Voor Bas staan ontmoetingen binnen zijn missie altijd centraal. Moestuinderij Het Middenland is zijn nieuwste initiatief, waarin hij mensen de weg wijst naar het erf. Omwonenden kunnen er tegen een betaling voor een bepaalde periode Oogstgenoot, ofwel mede-deler (en mede-teler), worden. Op een gemeenschappelijk beheerd stuk land van hemzelf en van Boerderij Landlust in Midden-Delfland komt iedereen langs, van een leek zoals ik, tot verveelde schooljongeren en ervaren moestuin-pensionado’s. Bas zorgt dat de boel op de rit blijft en brengt mensen bij elkaar. ‘Dat soort ontmoetingen zijn belangrijk. Je hoeft het niet over alles eens te zijn, maar wel begrijpen waar dingen vandaan komen.’
‘Agri-culture’, oftewel Landbouwcultuur
Bas vindt dat het Engelse woord ‘agriculture’ een veel mooiere lading dekt dan ons Nederlandse ‘landbouw’, laat hij me weten. Hij gelooft sterk in landbouw als culturele, zelfs opvoedkundige kracht. ‘Landbouw is naar mijn idee een culturele interventie. Het Middenland wil ik laten groeien als gemeenschap en dat voelt, ook al begint het seizoen pas écht in mei, zelfs nu al zo. Mensen zijn echt betrokken. Oogstgenoten komen tijdens de openingstijden van de boerderijwinkel van Landlust nu al even spieken, of ze helpen een ochtend mee. Kinderen vinden elke verandering al prachtig en met een beetje geluk zien we hazen wegschieten of spotten we een lepelaar.’
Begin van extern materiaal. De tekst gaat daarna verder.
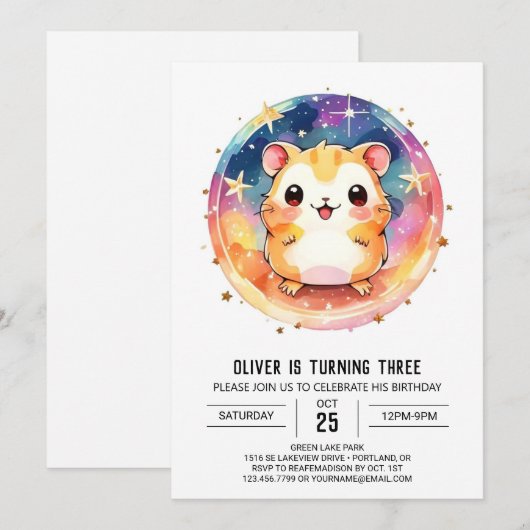 Pastel Custom Hamster Verjaardag Kaart (Voorkant / Achterkant)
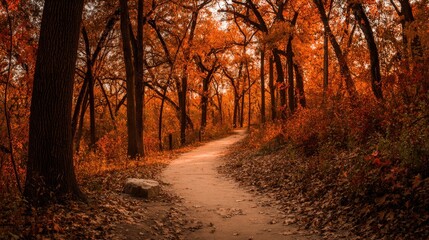 Obraz premium Winding forest path bathed in warm autumn light.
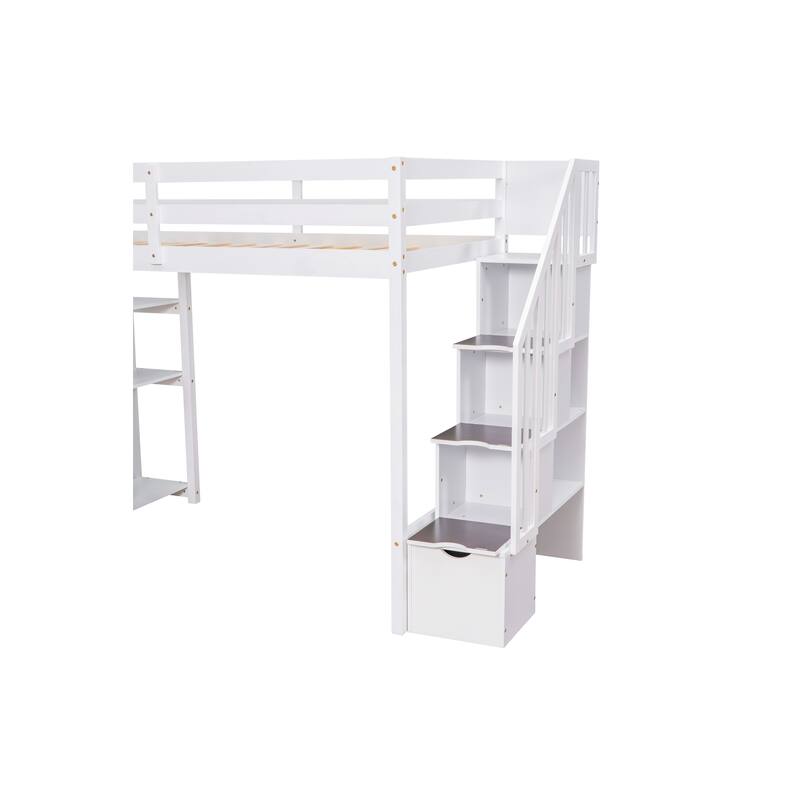 Twin-Size Loft Bed with 4 Drawers and Storage Stairs, Solid Wood Twin High Loftbed Bedframe with Shelves for Kids Teens/Bedroom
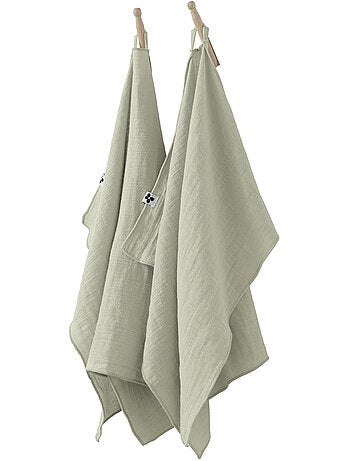 Lot de 2 essuie-mains – double gaze de coton – gaïa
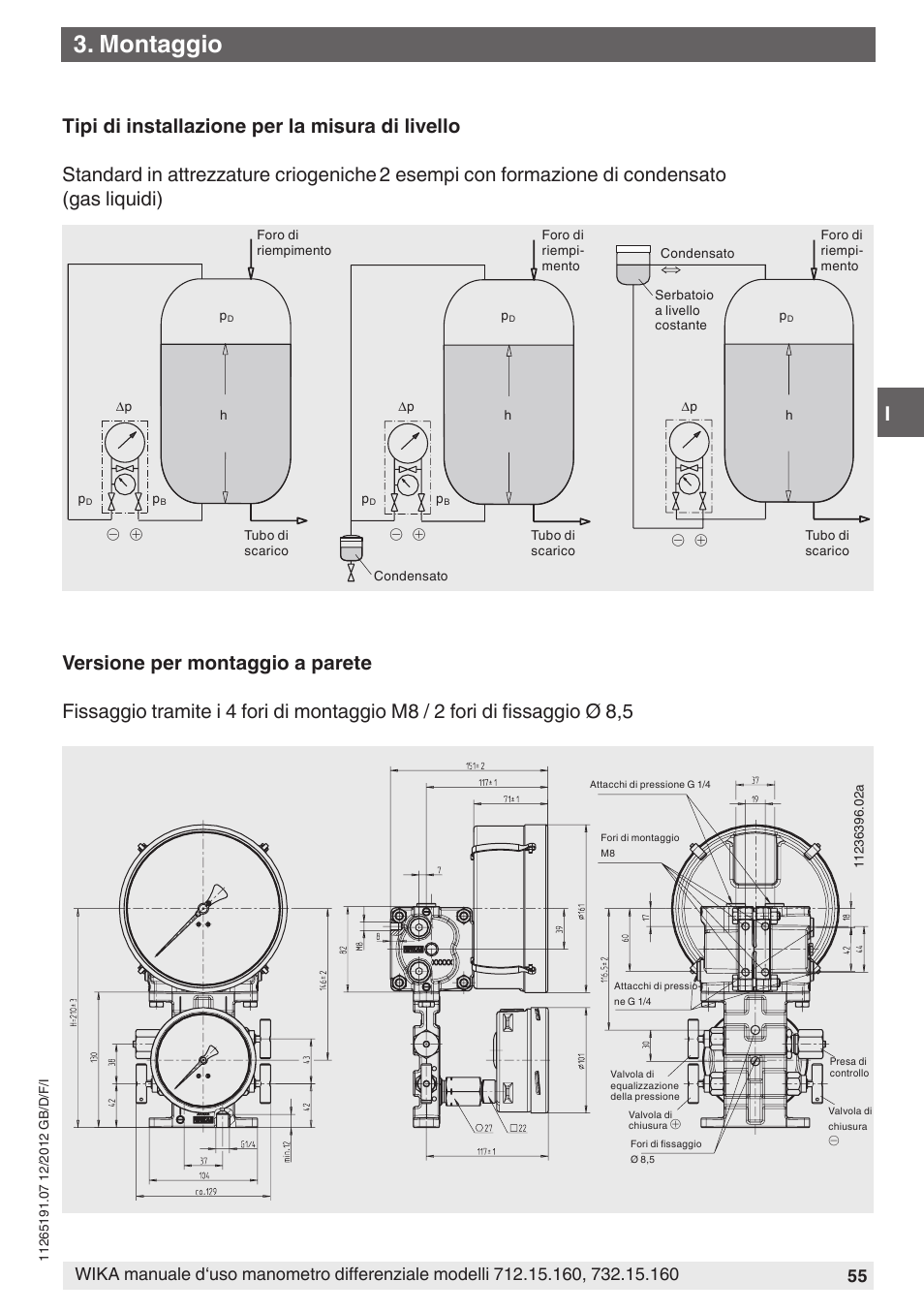 Montaggio | WIKA 732.15.160 User Manual | Page 55 / 68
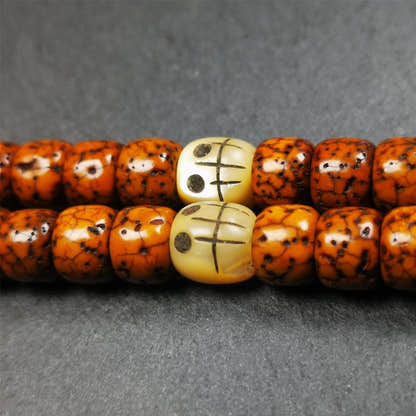 1 Pair of Fish Bone Skull Beads 0.3" - Tibetan Buddhist art, view 5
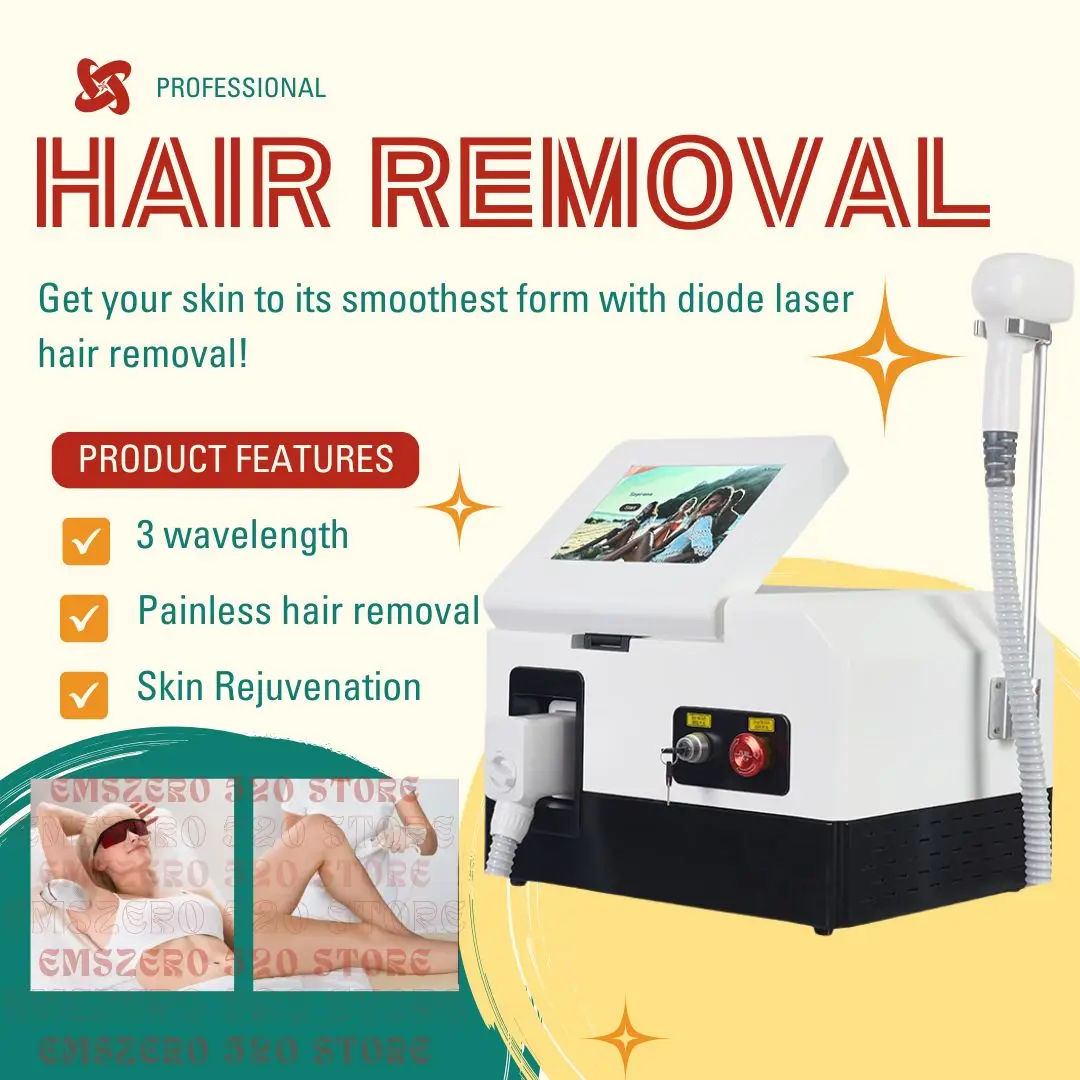 

Ice Painless Alexandrite Laser Permanent Hair Remover 755nm 808nm 1064nm Diode Laser Hair Removal Machine Epilation Definitive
Producten zijn niet onbelangrijk. Maar de cultuur die landbouw voortbrengt, daarin zit eigenlijk de grootste waarde.
‘Landbouw heeft ons landschap gevormd en beïnvloedt volledig hoe we als Nederlanders met de wereld omgaan’, stelt Bas. Maar dat (bij)product van landbouw, de landbouwcultuur, zit niet meer in ons systeem ingebakken – getuige mijn moeite om blindelings een boerenerf te vinden. Doordat de wereld steeds mondialer wordt ingericht, lijkt er minder ruimte voor gemeenschapszin. Bas probeert juist dat terug te brengen door een inclusieve landbouwcultuur te creëren. ‘Het is heel leuk om de burger op het erf te zien, maar ik word ook enthousiast als ik een agrariër van in de 80 een nieuwe techniek kan laten zien. Dat is óók een soort uitwisseling van cultuur.’
Voldoenend en verdienend boeren
De voldoening waarmee Bas mij vertelt over zijn werk, over hoe hij mensen laat nadenken over hun voedsel, en over de oogst van zijn producten, werkt aanstekelijk. Maar komt hij niet ook veel scepsis tegen? ‘Met name aan de kant van boeren’, merkt hij op. ‘Die vragen zich natuurlijk af wat eraan te verdienen valt. Veel boeren hebben de ruimte verloren om nog met voldoening bezig te kunnen zijn.’ Bas heeft voor zichzelf een pad uitgestippeld om binnen 3 jaar een substantieel inkomen over te houden met 3 dagen werk in de moestuinderij. Maar zijn succes meet hij niet alleen in euro’s. Hij is gaan boeren omdat hij het leuk en belangrijk vindt. Misschien is dat alles wat we nodig hebben om de weg naar het weiland terug te vinden.
Matthijs is sinds 2020 storymaker bij Nederland Voedselland. Zijn honger voor kennis richt zich op het voedselsysteem in brede zin, en in het bijzonder op certificering, internationale handel, koffie en chocola.